Homeowners put up fences for many different reasons, and they choose a variety of fencing options to provide the solutions they need. The homeowner who just spend thousands of dollars putting in an above-ground or in-ground pool may erect a fence to protect his investment and keep local children safe from harm. The homeowner who recently moved to a new home may erect a fence to mark the boundary of her property and provide her family with the privacy it needs. The horse owner may put up a secure wood or wire fence to keep their animals contained and neighboring properties protected.

No matter what the reason for erecting the fence, it is important to avoid common fencing mistakes. It is far less costly to build a high quality fence that is appropriate for your needs than to tear it all down and rebuild it later. Making one of these common fencing mistakes could cost you thousands of dollars and even put the safety and security of your property at risk. Learning from the mistakes other homeowners have made is the best way to protect yourself and your home.

Check and Mark Property Lines

Perhaps the most common, and most avoidable, mistake do-it-yourself fence installers make is not properly marking the property lines. You may think you know exactly where your property ends and your neighbor’s begins, but if you are wrong you could end up tearing down your newly erected fence and paying to repair any damage to the other property.

Before you dig your first post hole or secure your first board, you need to check and double check the property lines. If there is even the slightest doubt, you should have the area surveyed and clearly marked. The cost of the survey is a drop in the bucket compared to what removing a freshly erected fence will be.

Dig Post Holes Below The Frost Line

dig below the frost line

Another common mistake homeowners make when installing fences is not burying the fence posts deep enough. It is easy to understand the temptation to keep those post holes shallow – digging them is hard work, especially if you are doing it by hand. Even so, without deeply set posts even the fanciest fence will soon start to sag.

If you want your fence to last, you need to place the posts at least two feet in the ground, ensuring that you get below the frost line which can vary by location. Often, 30 inches is the average. Also the fence height has some determination as to how deep to dig, a 6 foot fence usually will be dug 36 inches deep. The frost line, also known as frost depth or freezing depth is the depth to which the groundwater in soil is expected to freeze. If you are doing the work yourself, renting a gas-powered post hole digger will be a great investment. Even better, consider hiring a fencing contractor to dig those post holes for you and put up the fence as well.
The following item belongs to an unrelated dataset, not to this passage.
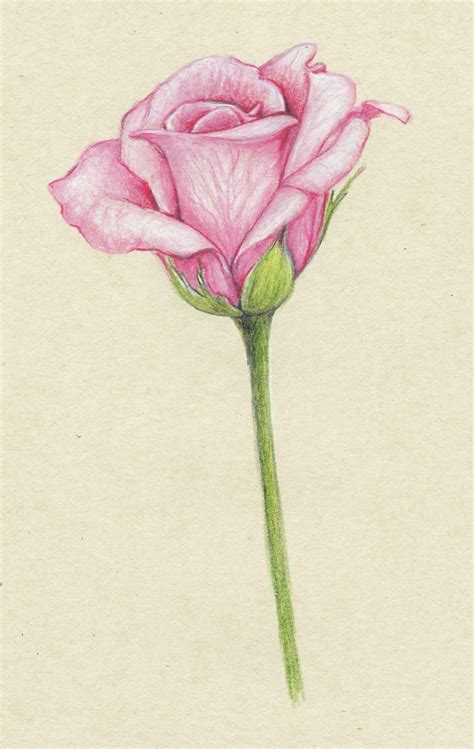 Drawings: ...pink roses...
If you do decide to dig the post holes yourself, be sure that the posts are anchored by a layer of gravel and concrete to hold it in place. The layer of concrete and gravel should be flush with the ground, as this will provide extra stability and improve the overall appearance of the fencing.

Plan Ahead – Visualize and Note The Lay Of The Land

Some homeowners also fail to take the lay of the land into account when planning a fencing project. This can be a big mistake, since different kinds of landscapes can have vastly different fencing requirements.

For instance, if a section of your back yard is on an incline, you will need a special kind of fence to provide stability to that section and anchor the surrounding fence line. A standard straight panel may be fine for the rest of the back yard, but using a specialized panel for the incline part will make the entire fence more stable and help it last longer.

Don’t Get Fined! Know Your Restrictions

Last but not least, some homeowners make a big mistake when installing a new fence – one that can come back to haunt them and cost them thousands of dollars in expenses, fines and penalties. Those homeowners forget to do something very important and end up paying a high price for their oversight.

Whether you live in the city, the suburbs or a more rural area, chances are your municipality places certain restrictions on what kind of fencing you can build and what kind of permit you need to build it. Depending on where you live, there may be restrictions on the height of the fence you plan to erect, the types of materials you can use to build it and how far from the road it must be.

get your permitsFurther, we would strongly urge homeowners to check with their local HOA (Home Owners Association) as well. Some of the time an HOA can be more strict then the local town or city ordinances, as far as style and height restrictions. HOA’s can even put liens on homeowners homes who are not compliant.

Before you drive your first post hole into the ground or pick up your first board, you need to do your homework and find out what restrictions, if any, apply in your area. You may also need to supply a drawing of the proposed fence and its location and obtain a building permit before the work can begin.

No matter where you live or what kind of property you own, the right fencing can make a big difference in your quality of life and the privacy of your family. Whether you need a fence to keep your dogs protected while you are at work, keep your kids safe while they play or keep your backyard barbecues private, it is important to choose the right materials, work with a quality contractor and make sure your proposed project meets local restrictions and requirements.

Doing your homework and learning about the mistakes other homeowners have made is one of the best ways to make sure your own project goes smoothly. Simply knowing where others have gone wrong can help you avoid those same mistakes – saving you time, money and hassle in the process.